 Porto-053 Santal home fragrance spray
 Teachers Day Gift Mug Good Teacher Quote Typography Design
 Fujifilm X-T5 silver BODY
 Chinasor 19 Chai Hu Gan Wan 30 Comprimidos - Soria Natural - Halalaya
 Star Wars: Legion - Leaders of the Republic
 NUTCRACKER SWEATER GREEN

· · · · ·

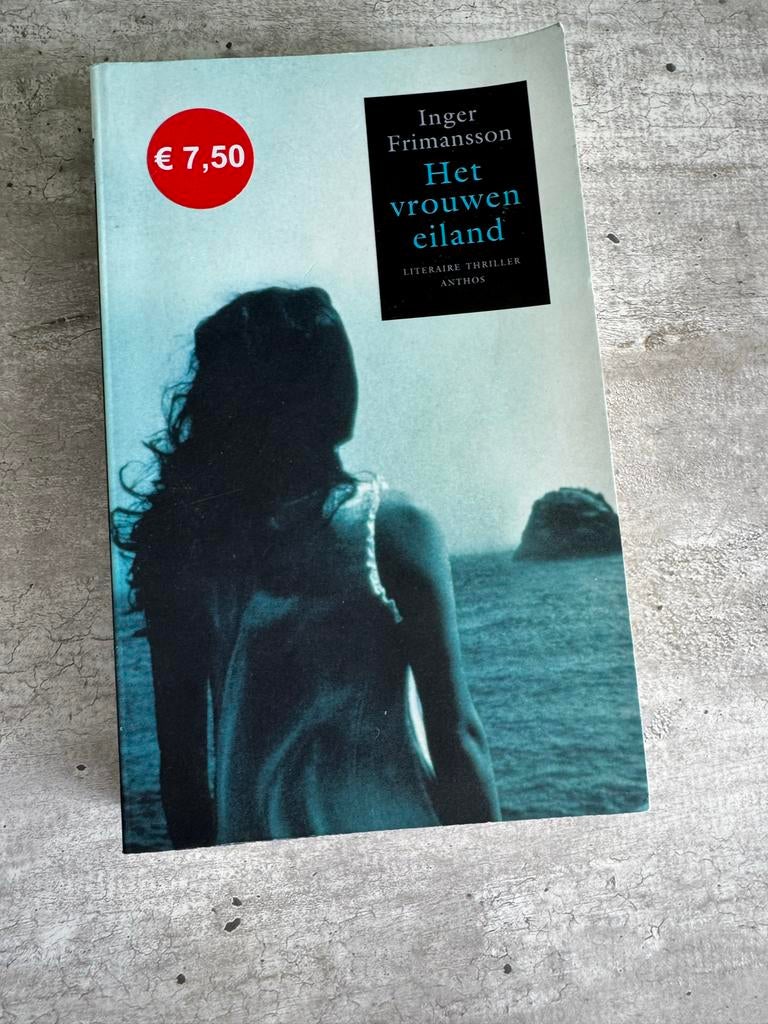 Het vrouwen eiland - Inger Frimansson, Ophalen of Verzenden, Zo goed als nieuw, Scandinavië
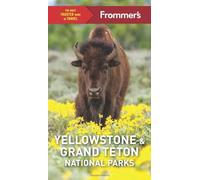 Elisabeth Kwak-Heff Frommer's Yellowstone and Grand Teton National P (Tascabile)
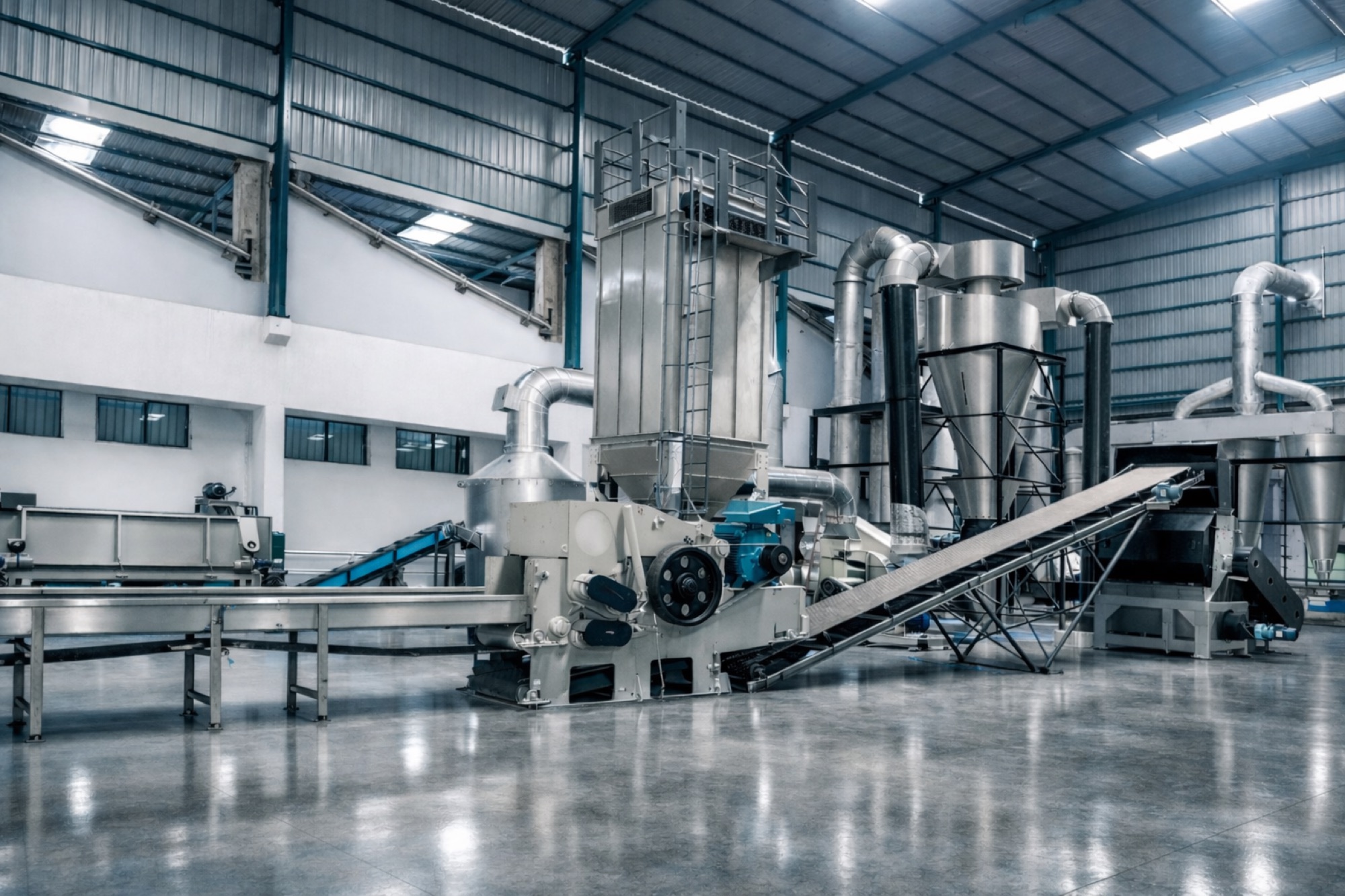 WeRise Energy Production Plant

· · · · ·

=== Activity ===
Please give an exact copy of the lines above, beginning with the line containing "Porto-053 Santal home fragrance spray" and running through the line containing "NUTCRACKER SWEATER GREEN", and of no other lines.

=== Solution ===
 Porto-053 Santal home fragrance spray
 Teachers Day Gift Mug Good Teacher Quote Typography Design
 Fujifilm X-T5 silver BODY
 Chinasor 19 Chai Hu Gan Wan 30 Comprimidos - Soria Natural - Halalaya
 Star Wars: Legion - Leaders of the Republic
 NUTCRACKER SWEATER GREEN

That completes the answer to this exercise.